Can “cancel culture” be illegitimately weaponized and used to harm less powerful people? Sure. I’m a freelance writer and a trans woman with no trust fund to my name, and this is something I unfortunately know from personal experience. But it’s a leap to conclude from the inappropriate weaponization of “cancel culture” that all opinions deserve access to all platforms. Nor is this a reason to stick our heads in the sand, ostrich-like, and ignore the very real ways in which unbridled speech in combination with social media can be used to erode democracy by helping to spread bigoted and violent views and by spreading disinformation. It’s notable that, as Vox’s Aja Romano reported, cancel culture arose on Black Twitter and has roots in the Civil Rights Movement. 

The fact is, there are always limits to what’s considered acceptable discourse; that is, speech that can be uttered in public without consequences. Political scientists call the range of acceptable opinion bounded by these limits, which can and do shift, the “Overton window.” Disingenuous arguments in favor of unbridled “free speech,” which are really arguments in favor of no consequences for speech, no matter how harmful, help to shift the Overton window to the right, undermining pluralism in favor of upholding intolerance as “brave” rather than, well, intolerant. To be sure, there are people I admire who signed the Harper’s letter, and I believe they are moved by misguided notions about the “marketplace of ideas” resulting in the victory of the best ones. In the age of social media, however, we must recognize the naivete of such a view. 

Left unchecked, intolerance will destroy democracy. And intolerance is certainly celebrated not only by the right-wing signers of the Harper’s letter, but also by the Christian Right. Take the aforementioned Regnerus, for example, a man whose writings indicate an obsession with sex, heteronormativity, and “order.” Regnerus is cheered by the fact that “so much about the everyday social world works to reinforce monogamy and the reliable differences between men and women,” and believes that “complementarity and chastity, narrowly defined,” are essential to the flourishing of our society, as without them, “chaos” would supposedly reign supreme. This is precisely the kind of theology—and that’s what it is, even if Regnerus tries to disguise it as sociology—that often allows white male leaders to retain their power in evangelical churches despite credible accusations of abuse and sexual misconduct. Speech, in other words, has consequences that often harm the vulnerable.

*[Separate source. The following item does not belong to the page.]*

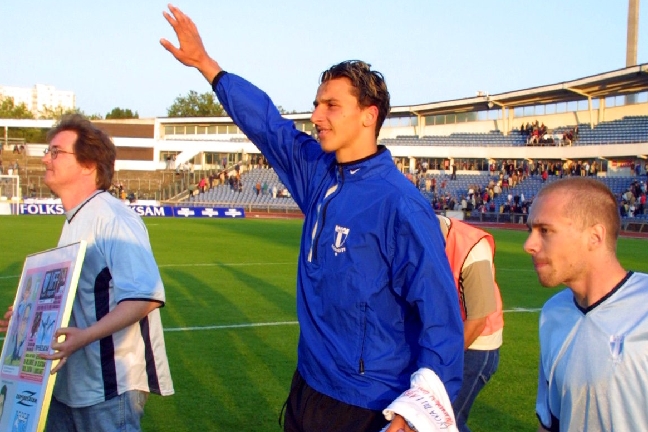 Här säger "Super-Zlatan" hej då till MFF-fansen.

Far from helping the powerless, the prominent crusaders against “cancel culture” only enable the Right in its authoritarian impulses that protect (generally white, male, rich) abusers. Evolving social norms can be difficult for people to adjust to. But if prominent intellectuals are truly interested in wrestling with the harmful power dynamics exposed by #MeToo and #ChurchToo, they should start not by decrying “cancel culture,” but rather by examining their own power.